Burger Fuel Digital Marketing
COMPLAINT NUMBER 17/132
COMPLAINANT S Petley
ADVERTISER Burger Fuel ADVERTISEMENT Burger Fuel Digital Marketing DATE OF MEETING 26 April 2017
OUTCOME No Grounds to Proceed
Advertisement: The Burger Fuel email advertisement depicted an image of the Da Vinci Last Supper painting with Burger Fuel products superimposed into the picture. It also has a modern day photo recreating the original painting
The Chair ruled there were no grounds for the complaint to proceed.
Complainant, S Petley, said: I was sent an eDM today (Good Friday) from Burger Fuel. The images (as attached) are clearly mocking Jesus Christ's last super prior to his crucifixion. Whether you believe in Jesus Christ or not, I believe that it's downright disrespectful and no doubt other Christians (and other people with a respectful bone in their body) would have been offended by this. It's not clever or funny and in my opinion is a failed attempted at contextual marketing. How embarrassing.
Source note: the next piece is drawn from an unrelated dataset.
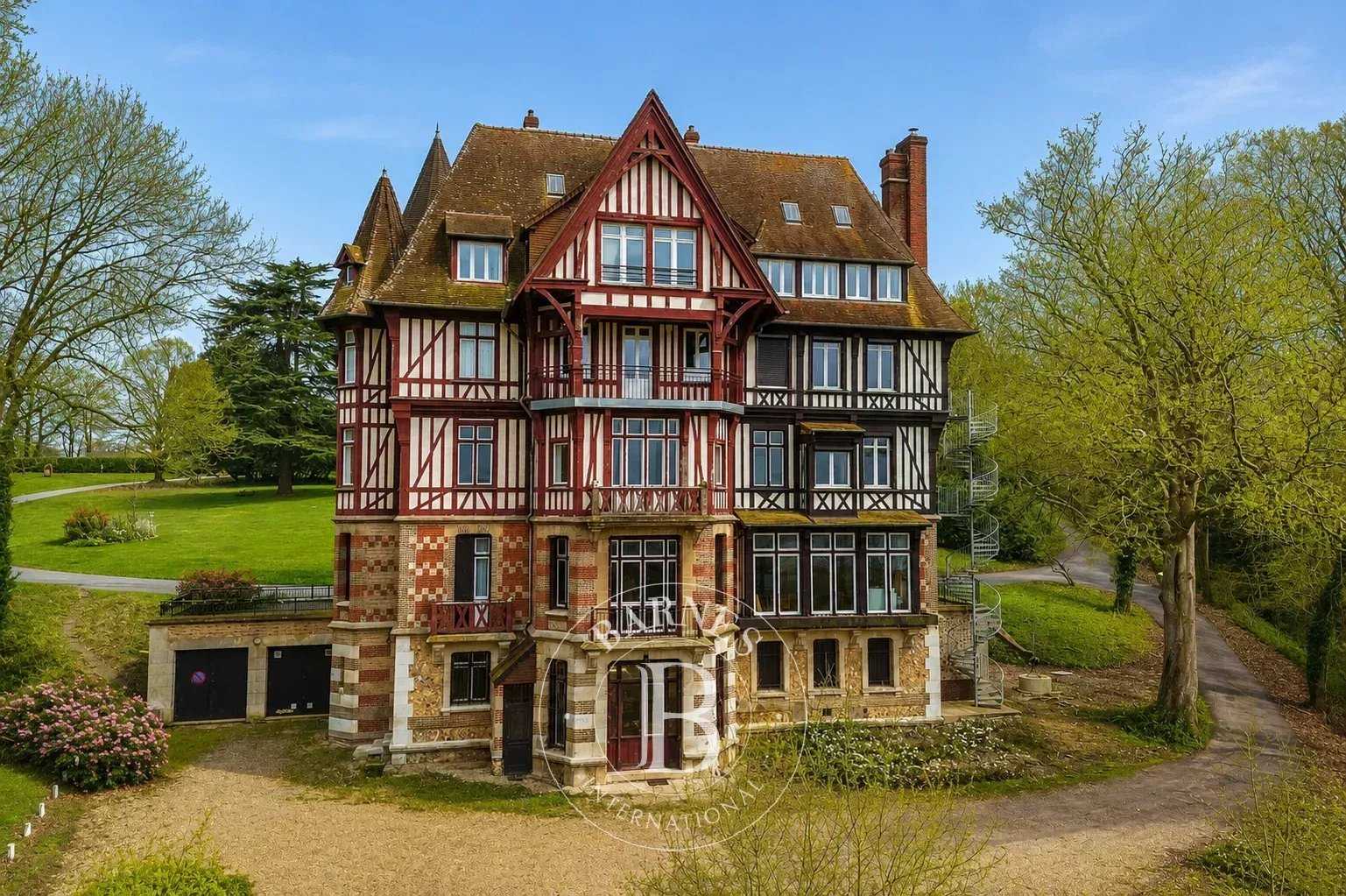 Barneville-sur-Seine  - Manoir 40 Pi&egrave;ces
The relevant provisions were Code of Ethics - Basic Principle 4; Code for People in
Advertising - Basic Principle 3, Basic Principle 6.
The Chair noted the Complainant's concerns that the advertisement, depicting the Last
Supper with burgers was disrespectful to Christians.
The Chair took into account that the Advertiser sought to use light-hearted humour to connect its product with Easter celebrations. While this was offensive to the Complainant, the Chair confirmed that humour and satire were permissible under the Advertising Codes. The Chair's view was that the advertisement did not reach the threshold to be considered a breach of the Code of Ethics or the Code for People in Advertising.
Therefore the Chair ruled the advertisement had been prepared with a due sense of social responsibility to consumers and there were no grounds for the complaint to proceed.